Ao manter em mente nossa conclusão de que o caso da joia (de que sua mente não é sua joia), sabemos que em certo ponto neste processo, sua mente deixa de existir. Você pode aumentar sua inteligência com chips, mas sempre há um ponto no qual você irá acabar com a sua vida. Eu chamo esse evento horrível de ‘drenagem cerebral.’”

Mas até que ponto é possível de se amplificar o cérebro e não chegar à sua drenagem. Schneider cita o filósofo Derek Parfit que defende que não há um limite claro de até onde é possível de fazer essas melhorias e deixar de “existir” como um Eu. “Seria natural por volta de 15 por cento? Ou 75? Qualquer escolha parece arbitrária”, afirma a escritora.

É por isso que Schneider, que está trabalhando no livro “Artificial You: AI and the Future of Your Mind”, defende que devemos ser sempre céticos com relação à melhoria de nossos cérebros através do uso de tecnologia. “Melhorias baseadas em IA poderiam ainda ser usadas para suplementar a atividade neural, mas conforme elas avançam na substituição de funções normais do tecido neuronal, em algum ponto isso pode levar ao fim da vida de uma pessoa.”

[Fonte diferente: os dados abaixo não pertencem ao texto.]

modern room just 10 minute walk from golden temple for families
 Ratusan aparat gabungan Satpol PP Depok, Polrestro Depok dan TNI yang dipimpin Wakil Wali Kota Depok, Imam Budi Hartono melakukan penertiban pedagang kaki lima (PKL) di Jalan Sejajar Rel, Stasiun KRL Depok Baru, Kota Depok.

Por outro lado, Schneider ainda acha que, se de algum modo, uma quantidade suficiente de pessoas ignorar esse risco, é possível que a sociedade ainda assim se beneficie de tal tecnologia. “Haveria indivíduos inteligentes o suficiente para seguir as computações complexas de uma IA e competir com elas como força de trabalho. Mas em um mundo como esse, as pessoas que desejarem fazer melhorias não serão aquelas que irão se beneficiar, porque elas já estarão mortas.”